--- Dataset excerpts ---
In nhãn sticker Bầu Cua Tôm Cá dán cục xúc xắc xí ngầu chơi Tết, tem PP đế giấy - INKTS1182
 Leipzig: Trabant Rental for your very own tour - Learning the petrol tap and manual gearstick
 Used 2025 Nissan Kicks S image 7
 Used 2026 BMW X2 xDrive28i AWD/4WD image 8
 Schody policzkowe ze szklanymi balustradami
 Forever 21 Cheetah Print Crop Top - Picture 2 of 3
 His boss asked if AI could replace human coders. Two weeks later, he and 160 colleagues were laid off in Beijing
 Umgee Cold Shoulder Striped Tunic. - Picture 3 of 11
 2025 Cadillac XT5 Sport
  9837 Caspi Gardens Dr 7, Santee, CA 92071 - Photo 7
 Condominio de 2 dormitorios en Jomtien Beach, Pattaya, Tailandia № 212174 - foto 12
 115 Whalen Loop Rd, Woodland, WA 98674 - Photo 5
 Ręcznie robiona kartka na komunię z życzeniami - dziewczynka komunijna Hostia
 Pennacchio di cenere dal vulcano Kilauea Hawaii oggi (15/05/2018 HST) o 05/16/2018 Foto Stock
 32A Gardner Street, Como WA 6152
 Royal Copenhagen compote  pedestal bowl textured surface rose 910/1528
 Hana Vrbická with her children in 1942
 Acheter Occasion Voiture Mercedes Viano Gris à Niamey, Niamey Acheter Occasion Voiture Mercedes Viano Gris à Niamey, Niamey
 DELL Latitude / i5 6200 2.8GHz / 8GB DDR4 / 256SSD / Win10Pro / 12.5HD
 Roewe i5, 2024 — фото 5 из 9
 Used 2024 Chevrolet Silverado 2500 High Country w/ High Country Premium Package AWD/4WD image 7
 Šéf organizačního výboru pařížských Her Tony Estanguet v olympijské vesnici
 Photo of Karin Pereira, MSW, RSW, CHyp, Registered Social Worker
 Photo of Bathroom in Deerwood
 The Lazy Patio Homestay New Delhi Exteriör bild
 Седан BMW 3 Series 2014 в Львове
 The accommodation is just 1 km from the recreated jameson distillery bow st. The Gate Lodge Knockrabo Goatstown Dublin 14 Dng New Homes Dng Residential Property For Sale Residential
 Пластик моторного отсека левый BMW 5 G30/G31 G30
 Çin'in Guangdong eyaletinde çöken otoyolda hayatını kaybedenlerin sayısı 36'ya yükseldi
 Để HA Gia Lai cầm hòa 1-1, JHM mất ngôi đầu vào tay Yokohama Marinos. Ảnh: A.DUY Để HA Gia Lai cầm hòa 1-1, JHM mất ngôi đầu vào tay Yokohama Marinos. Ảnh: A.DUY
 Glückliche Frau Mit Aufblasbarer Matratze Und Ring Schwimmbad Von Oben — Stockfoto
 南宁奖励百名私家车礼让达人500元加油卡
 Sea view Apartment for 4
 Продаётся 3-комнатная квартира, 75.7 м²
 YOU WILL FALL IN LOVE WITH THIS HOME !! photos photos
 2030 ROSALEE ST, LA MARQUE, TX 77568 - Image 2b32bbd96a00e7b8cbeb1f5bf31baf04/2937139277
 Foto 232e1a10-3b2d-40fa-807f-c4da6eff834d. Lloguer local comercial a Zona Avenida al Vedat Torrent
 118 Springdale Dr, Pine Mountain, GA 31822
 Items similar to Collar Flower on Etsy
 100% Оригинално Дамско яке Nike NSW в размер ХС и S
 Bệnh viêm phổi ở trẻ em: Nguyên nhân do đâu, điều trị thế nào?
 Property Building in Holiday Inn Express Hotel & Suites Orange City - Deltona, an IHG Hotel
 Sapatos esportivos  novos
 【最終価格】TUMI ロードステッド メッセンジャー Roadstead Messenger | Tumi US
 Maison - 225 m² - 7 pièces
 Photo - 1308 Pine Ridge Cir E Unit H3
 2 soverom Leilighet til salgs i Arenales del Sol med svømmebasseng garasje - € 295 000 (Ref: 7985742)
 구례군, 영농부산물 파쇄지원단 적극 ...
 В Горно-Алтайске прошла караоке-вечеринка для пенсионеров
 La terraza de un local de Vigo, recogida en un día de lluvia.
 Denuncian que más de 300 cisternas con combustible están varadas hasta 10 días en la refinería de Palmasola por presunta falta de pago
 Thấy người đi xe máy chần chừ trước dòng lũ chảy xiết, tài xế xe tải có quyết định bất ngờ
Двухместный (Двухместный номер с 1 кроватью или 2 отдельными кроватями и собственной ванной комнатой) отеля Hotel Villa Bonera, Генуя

--- Task to complete ---
Return nothing but the lines from the start of the listing above through the line containing "2025 Cadillac XT5 Sport", exactly as given.

--- Exercise answer ---
In nhãn sticker Bầu Cua Tôm Cá dán cục xúc xắc xí ngầu chơi Tết, tem PP đế giấy - INKTS1182
 Leipzig: Trabant Rental for your very own tour - Learning the petrol tap and manual gearstick
 Used 2025 Nissan Kicks S image 7
 Used 2026 BMW X2 xDrive28i AWD/4WD image 8
 Schody policzkowe ze szklanymi balustradami
 Forever 21 Cheetah Print Crop Top - Picture 2 of 3
 His boss asked if AI could replace human coders. Two weeks later, he and 160 colleagues were laid off in Beijing
 Umgee Cold Shoulder Striped Tunic. - Picture 3 of 11
 2025 Cadillac XT5 Sport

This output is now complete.